■ **Task inputs**:
- - -

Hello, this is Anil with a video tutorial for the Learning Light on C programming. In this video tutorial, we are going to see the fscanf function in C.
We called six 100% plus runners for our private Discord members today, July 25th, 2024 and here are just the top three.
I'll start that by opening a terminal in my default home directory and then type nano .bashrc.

- - -

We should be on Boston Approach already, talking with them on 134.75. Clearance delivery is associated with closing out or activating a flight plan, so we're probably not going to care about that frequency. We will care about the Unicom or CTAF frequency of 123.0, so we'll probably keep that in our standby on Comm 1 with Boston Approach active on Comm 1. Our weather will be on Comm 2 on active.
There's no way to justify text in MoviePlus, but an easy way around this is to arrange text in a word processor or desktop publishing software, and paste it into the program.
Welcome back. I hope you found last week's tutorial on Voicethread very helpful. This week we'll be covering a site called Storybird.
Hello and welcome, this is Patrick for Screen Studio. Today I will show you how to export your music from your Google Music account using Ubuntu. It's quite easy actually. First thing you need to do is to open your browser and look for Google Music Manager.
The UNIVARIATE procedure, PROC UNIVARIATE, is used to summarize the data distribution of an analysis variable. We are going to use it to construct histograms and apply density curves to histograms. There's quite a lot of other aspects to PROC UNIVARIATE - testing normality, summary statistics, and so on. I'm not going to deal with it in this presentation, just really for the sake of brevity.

- - -

■ **Brief**:
Write out exactly the lines above from the line with "Welcome back. I" through the line with "Hello and welcome, this", both of them included, and leave out all other lines.

■ **Answer for the task**:
Welcome back. I hope you found last week's tutorial on Voicethread very helpful. This week we'll be covering a site called Storybird.
Hello and welcome, this is Patrick for Screen Studio. Today I will show you how to export your music from your Google Music account using Ubuntu. It's quite easy actually. First thing you need to do is to open your browser and look for Google Music Manager.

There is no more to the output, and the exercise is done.